--- What is being asked ---
Exactly the lines from the line with "Carlisle 607815 15&#034; S/S Serving Spoon" through the final line of the records below, both ends included, are to be set down. Do not include pictures.

--- Given records ---
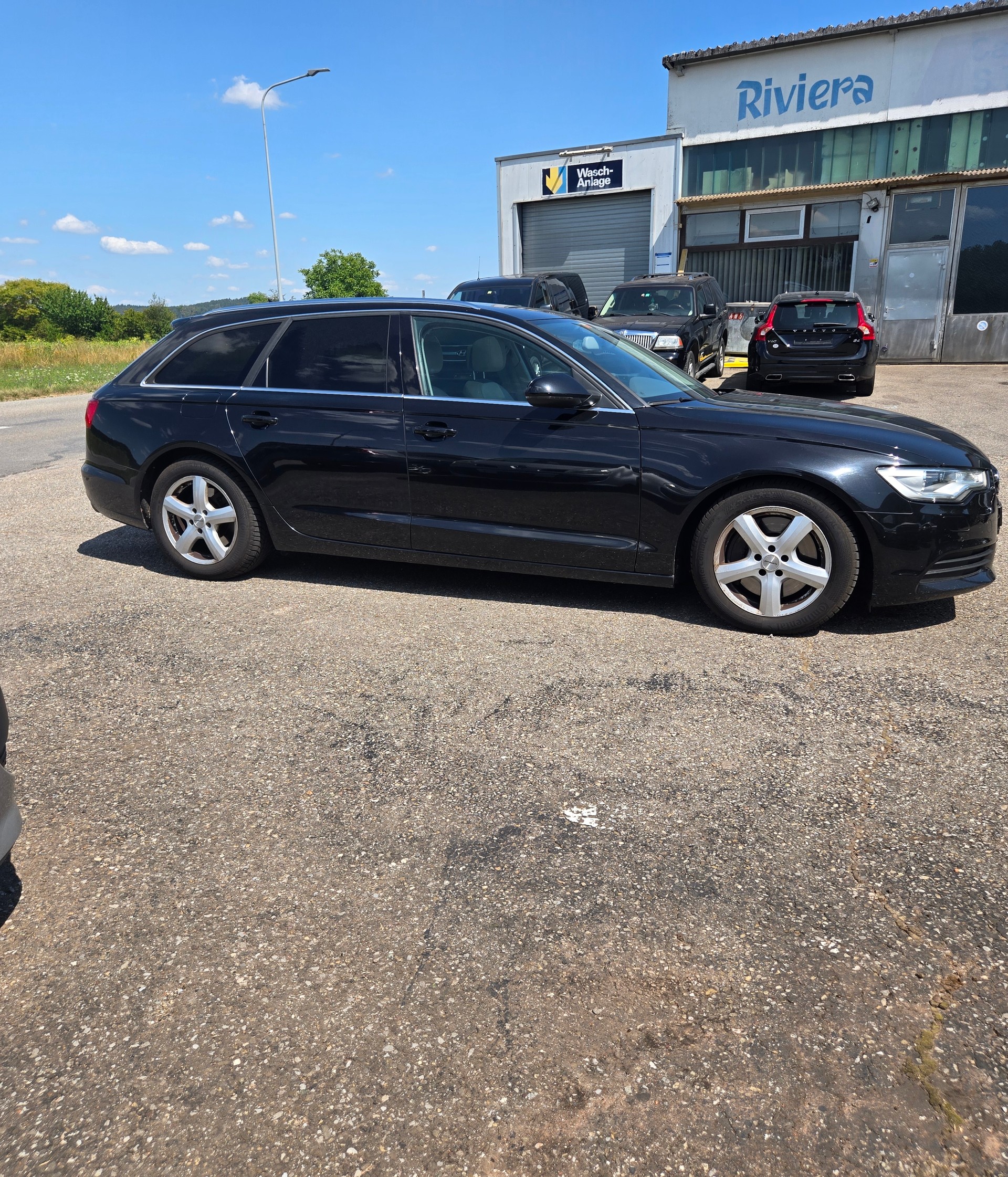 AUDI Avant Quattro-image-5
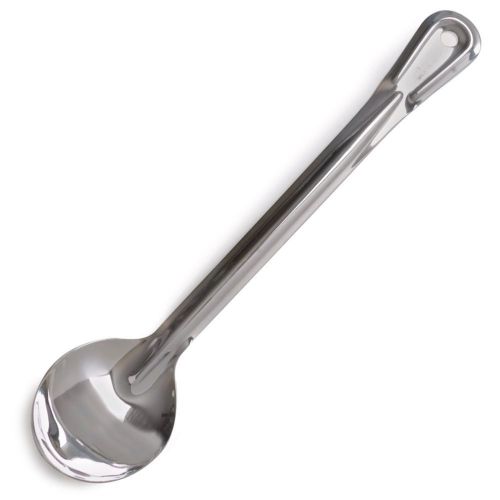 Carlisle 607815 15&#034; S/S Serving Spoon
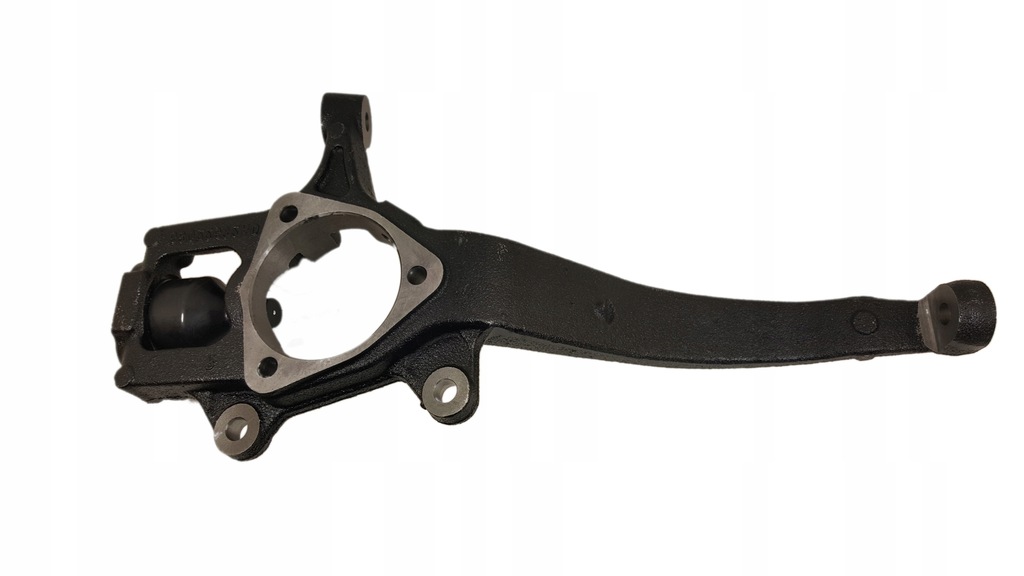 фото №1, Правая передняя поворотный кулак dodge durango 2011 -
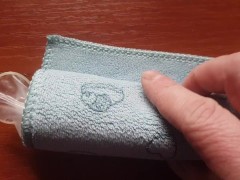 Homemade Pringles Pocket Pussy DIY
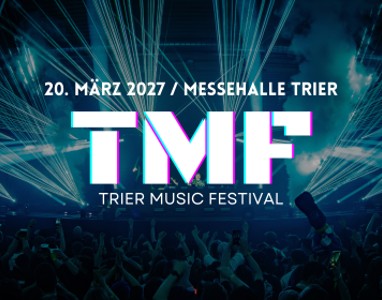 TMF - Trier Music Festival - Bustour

--- Result of the task ---
 Carlisle 607815 15&#034; S/S Serving Spoon
 фото №1, Правая передняя поворотный кулак dodge durango 2011 -
 Homemade Pringles Pocket Pussy DIY
 TMF - Trier Music Festival - Bustour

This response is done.